For those not able to watch the circus on the House, the last fifteen minutes have been priceless. Rep. Louie Gohmert made a parliamentary enquiry about where he could find a copy of the 309 pages that were added to the bill at 2:49 AM. The chairman hemmed and hawed and finally said that she didn’t know. Then Rep. Joe Barton made a parliamentary enquiry about whether there was a rule of the House that a copy of the bill on the floor had to be available. The chairman said that she was not aware of such a rule.

Then after some more attempts to make enquiries about where a copy of the 309 pages could be consulted, Rep. Edward Markey disdainfully explained to his inferiors that a copy was in plain sight at the Clerk’s desk and was available on the web site. Then Rep. Barton pointed out that the copy available at the desk was the 1201 pages and a separate pile with the 309 pages of which the clerk was trying to insert the various pieces into their correct places in the 1201 pages. He inquired whether this was an official copy. The chair said that yes “in effect” it was. Hundreds of members rushed to the Clerk’s desk to read the 309 pages.

No, I made that up. Vote first, find out what you’ve voted on later.

And in a report today by the Fayetteville (N.C.) Observer, there’s this from Obama’s Energy Secretary, Steven Chu:

Everyone agrees this cap-and-trade concept will lead to higher electric bills and gasoline prices. How much varies by source.
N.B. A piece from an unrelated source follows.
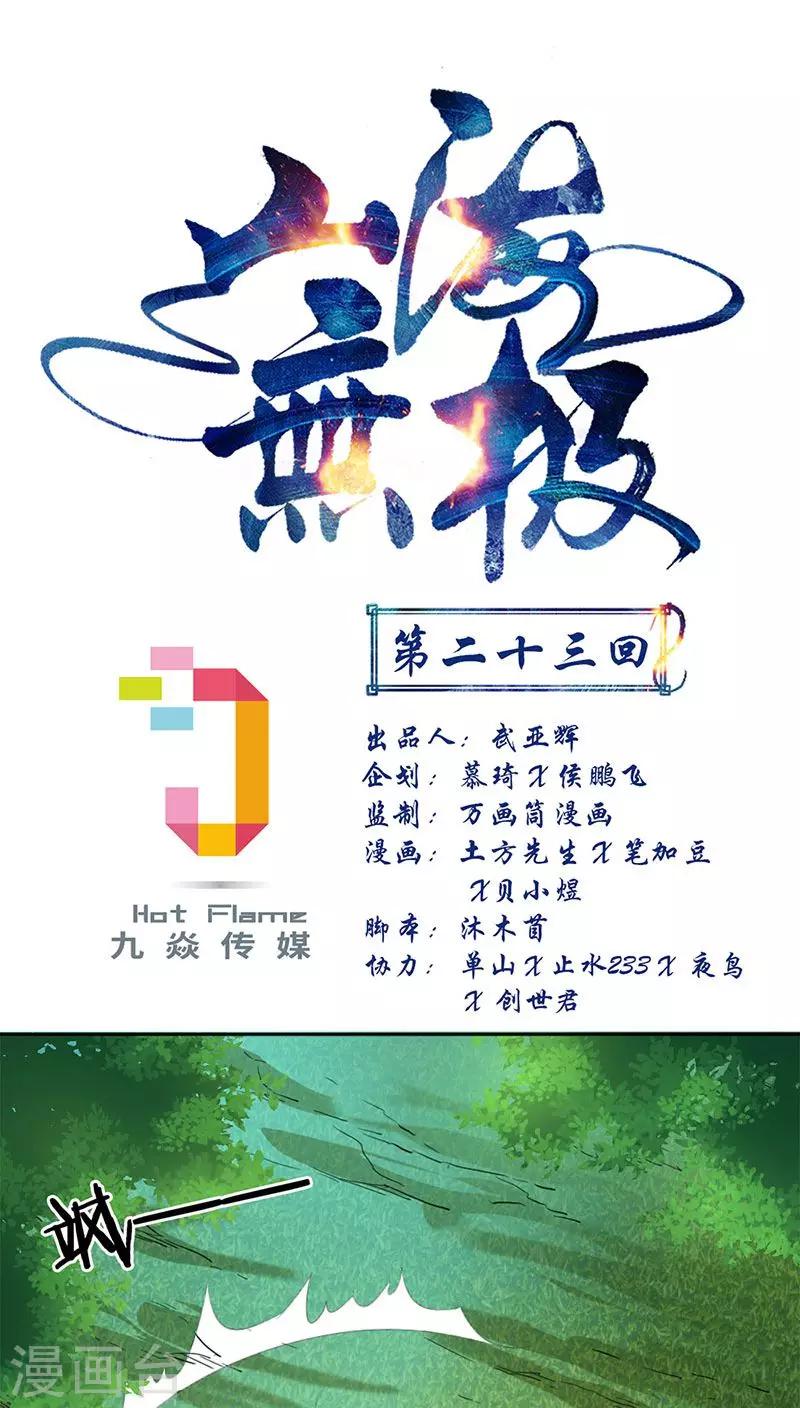 第23话-第24话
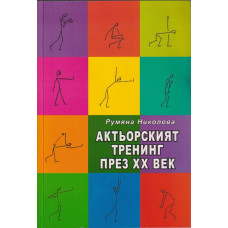 Актьорският тренинг през XX век Актьорският тренинг през XX век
Chu said recent studies by two agencies – the Congressional Budget Office and the Environmental Protection Agency – equated the extra cost to about $240 a year for the typical family.

“This is not a lot of money,” he said.

These estimates are widely challenged, but even if they are right, I wonder if — since $240 isn’t a lot of money — the secretary wouldn’t mind covering my vehicle fuel next month?